WHAT YOU SHOULD DO:
Pictures should be excluded; otherwise, copy every entry exactly.

○ ○ ○ ○

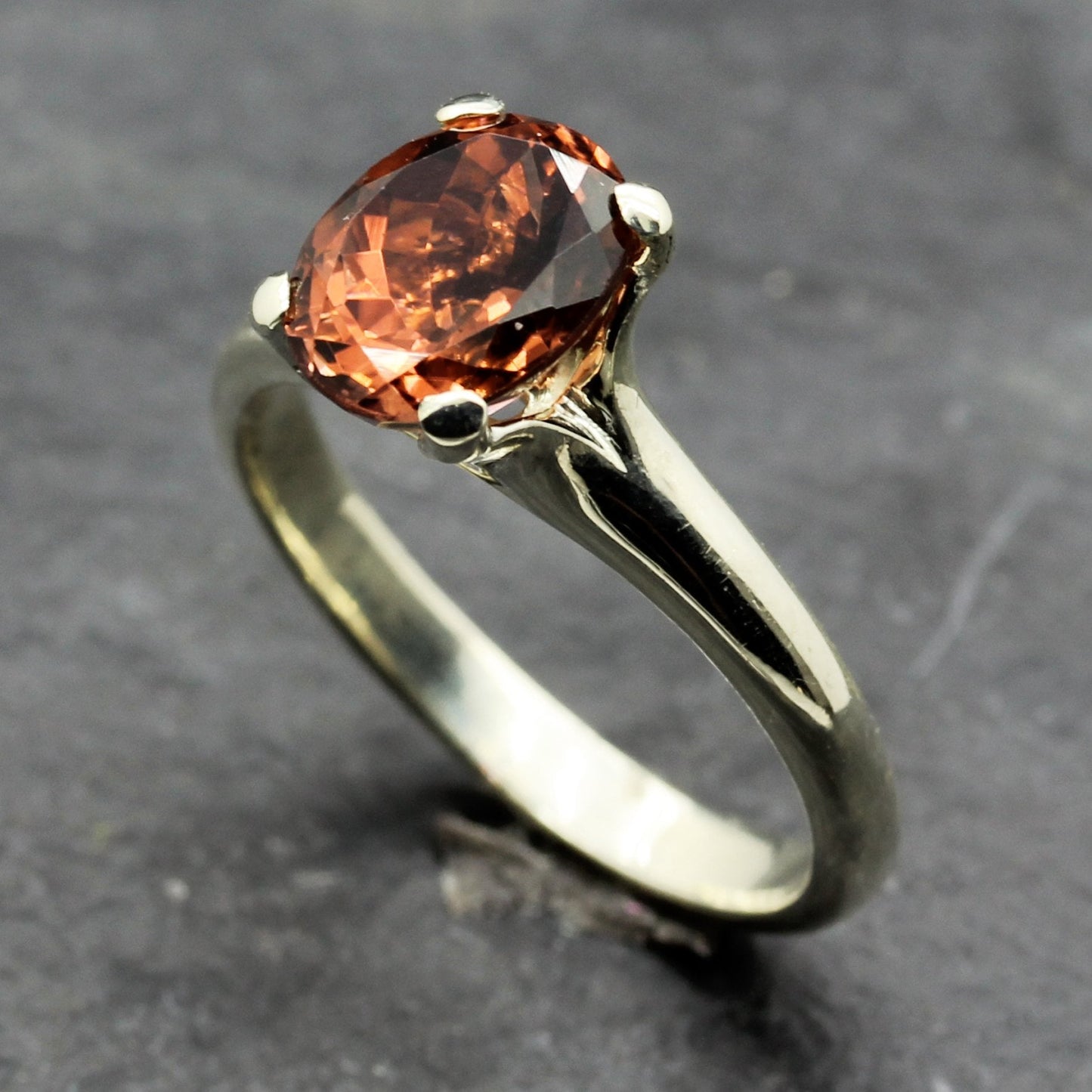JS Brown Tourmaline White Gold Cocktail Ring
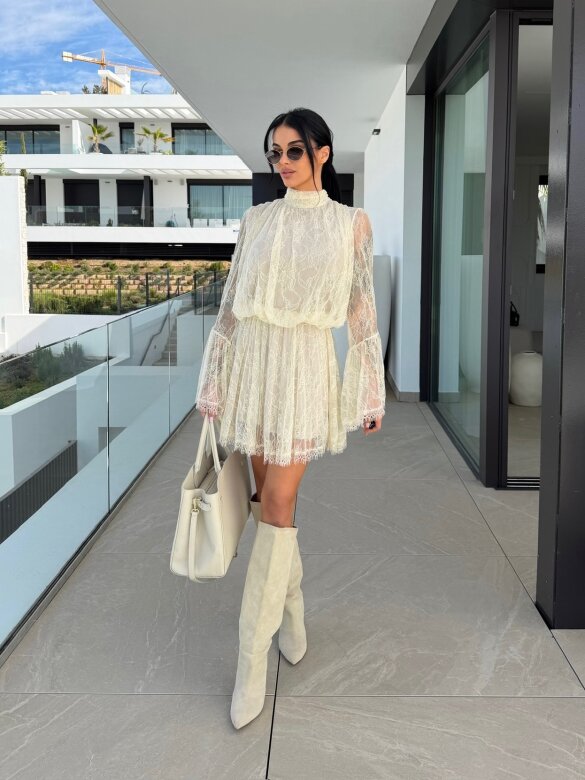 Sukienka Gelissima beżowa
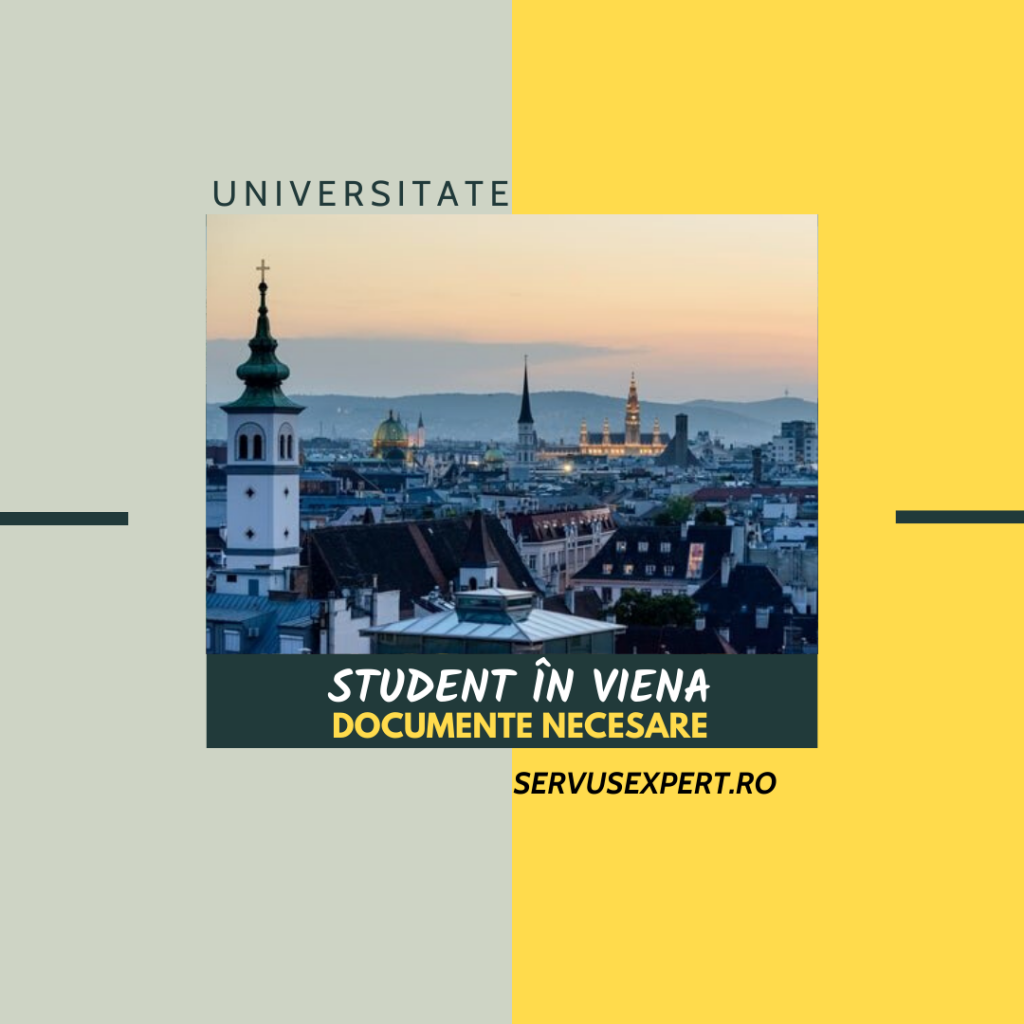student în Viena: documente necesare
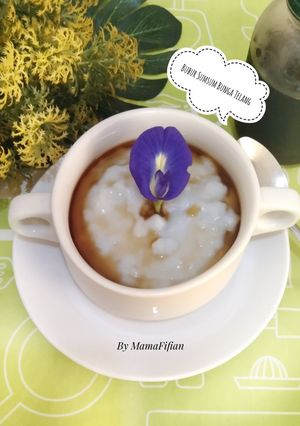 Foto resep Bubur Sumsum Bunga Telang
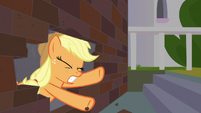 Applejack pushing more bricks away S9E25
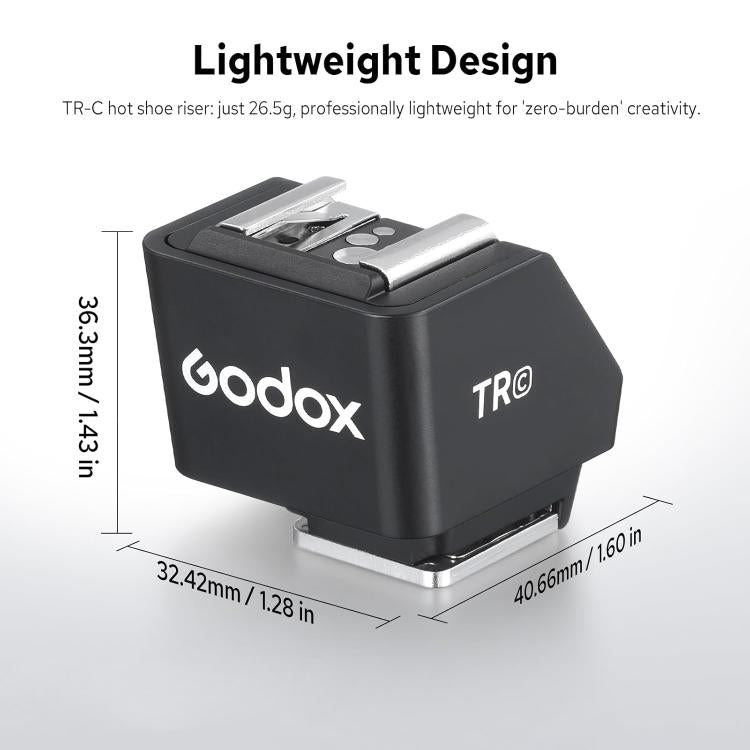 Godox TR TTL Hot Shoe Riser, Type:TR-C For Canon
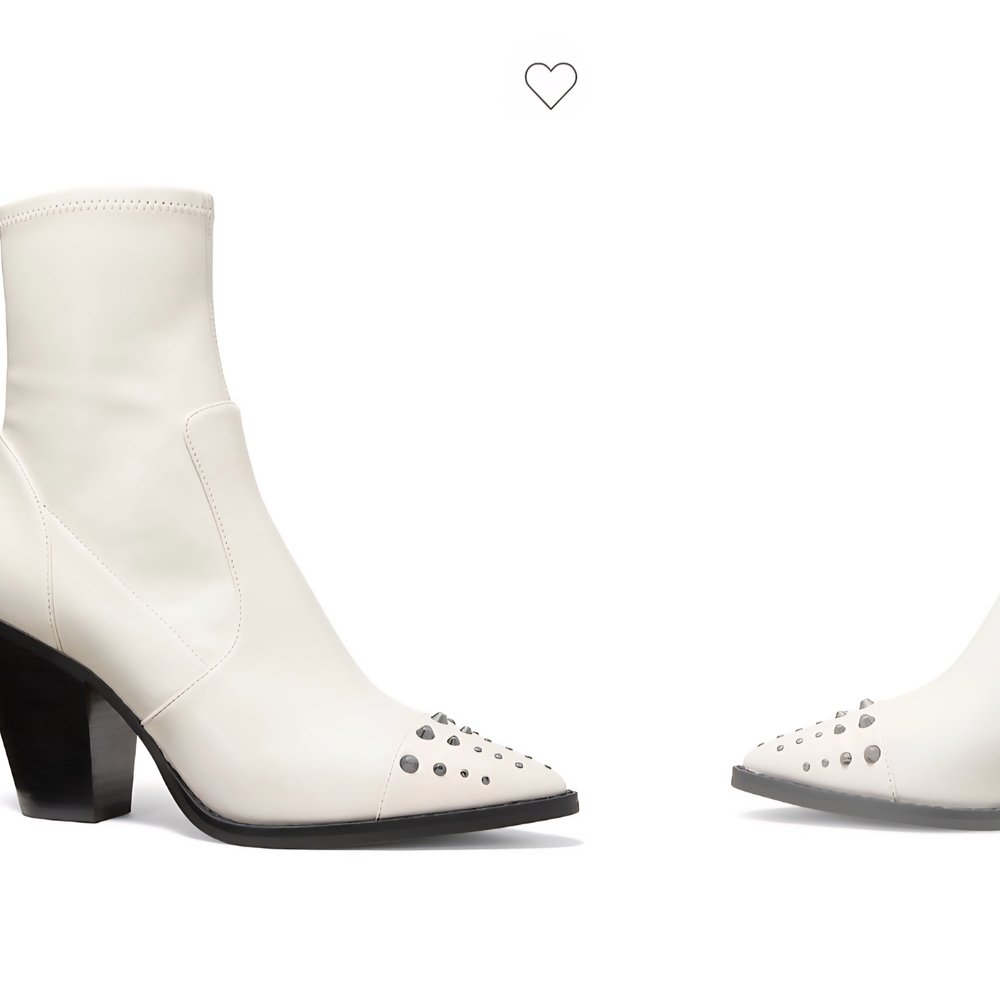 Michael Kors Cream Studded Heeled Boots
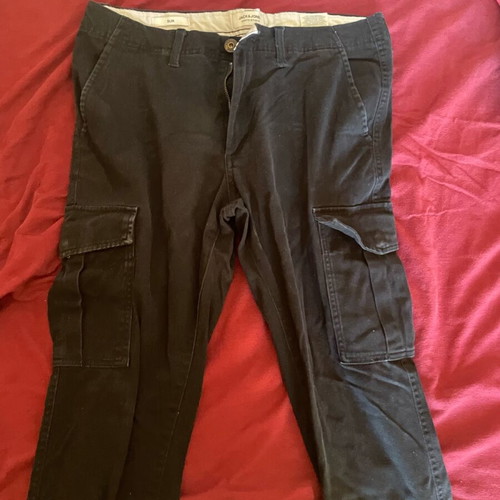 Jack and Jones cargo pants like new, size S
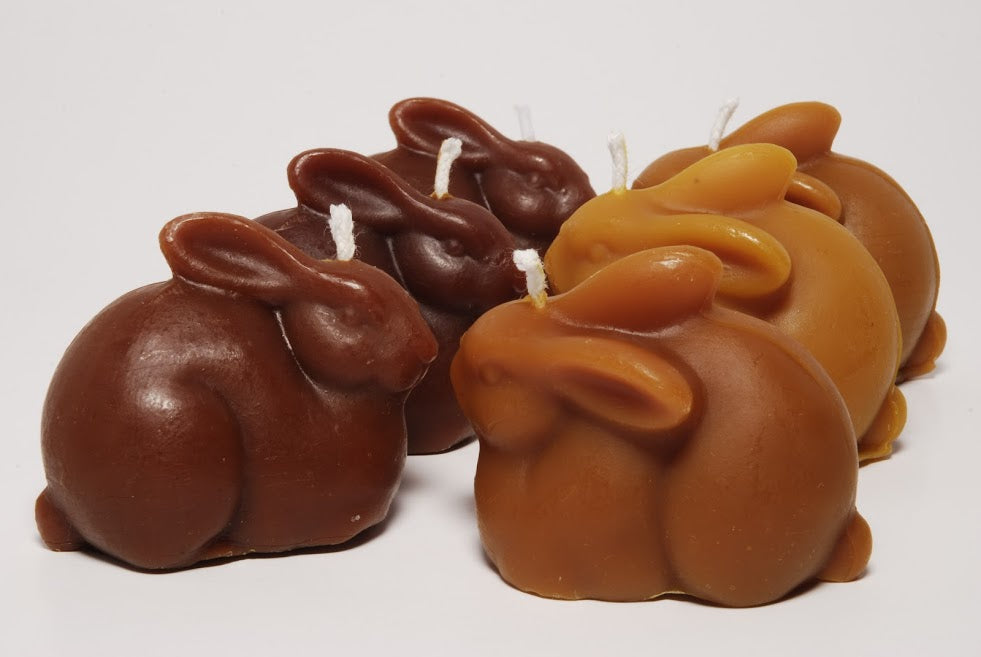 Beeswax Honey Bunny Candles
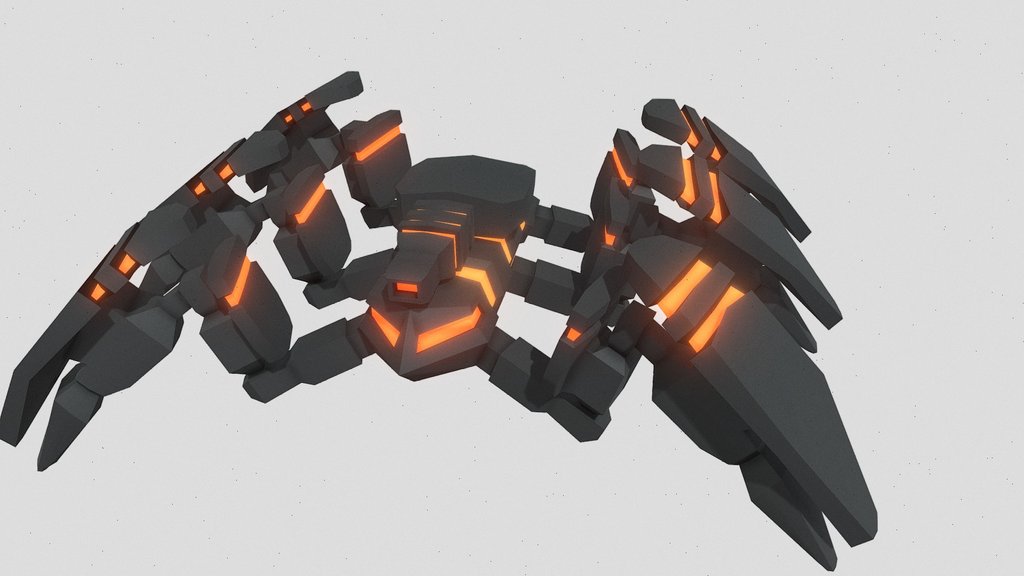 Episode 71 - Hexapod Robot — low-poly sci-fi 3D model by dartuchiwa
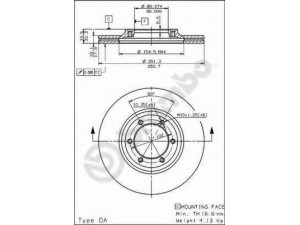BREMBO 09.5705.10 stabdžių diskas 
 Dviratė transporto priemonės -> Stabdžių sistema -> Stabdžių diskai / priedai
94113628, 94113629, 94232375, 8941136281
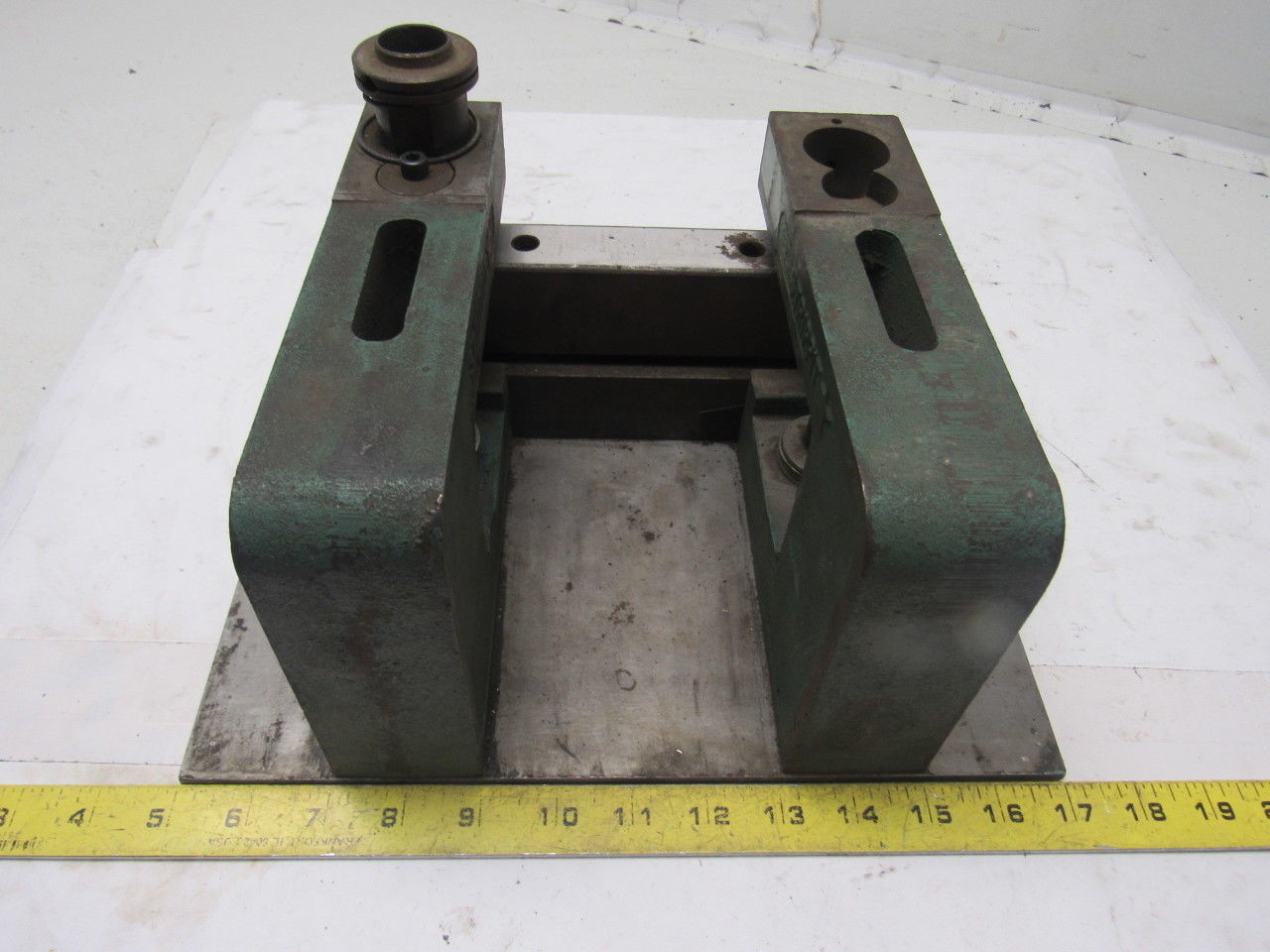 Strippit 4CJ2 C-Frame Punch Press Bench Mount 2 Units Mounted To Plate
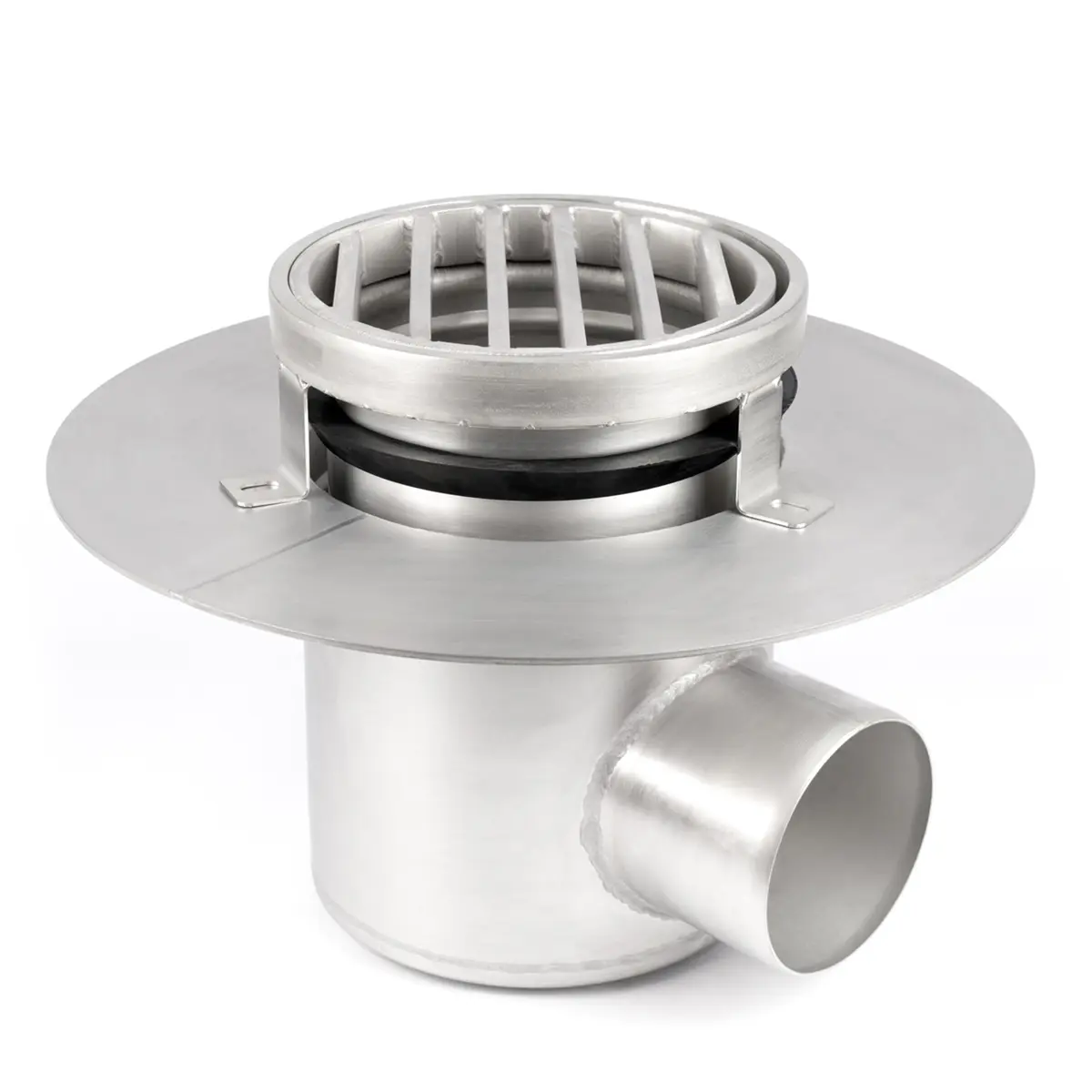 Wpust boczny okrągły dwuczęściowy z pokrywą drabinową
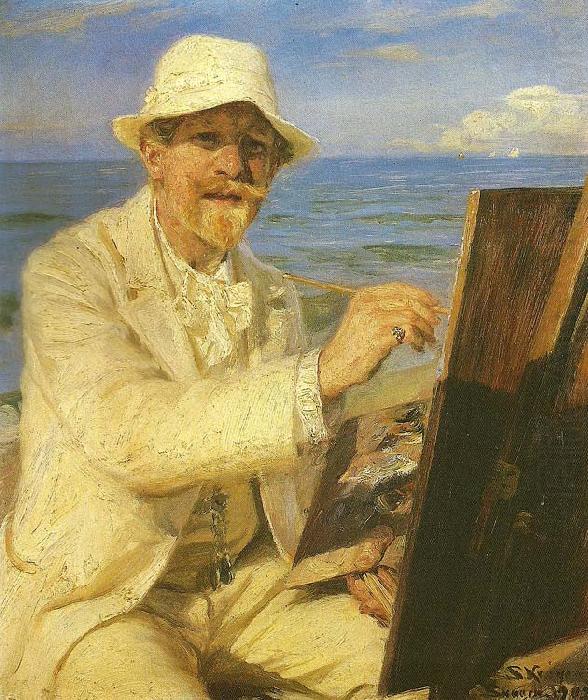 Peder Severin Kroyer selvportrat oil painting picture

○ ○ ○ ○

RESPONSE FOR THIS EXERCISE:
JS Brown Tourmaline White Gold Cocktail Ring
 Sukienka Gelissima beżowa
student în Viena: documente necesare
 Foto resep Bubur Sumsum Bunga Telang
 Applejack pushing more bricks away S9E25
 Godox TR TTL Hot Shoe Riser, Type:TR-C For Canon
 Michael Kors Cream Studded Heeled Boots
 Jack and Jones cargo pants like new, size S
 Beeswax Honey Bunny Candles
 Episode 71 - Hexapod Robot — low-poly sci-fi 3D model by dartuchiwa
BREMBO 09.5705.10 stabdžių diskas 
 Dviratė transporto priemonės -> Stabdžių sistema -> Stabdžių diskai / priedai
94113628, 94113629, 94232375, 8941136281
 Strippit 4CJ2 C-Frame Punch Press Bench Mount 2 Units Mounted To Plate
 Wpust boczny okrągły dwuczęściowy z pokrywą drabinową
 Peder Severin Kroyer selvportrat oil painting picture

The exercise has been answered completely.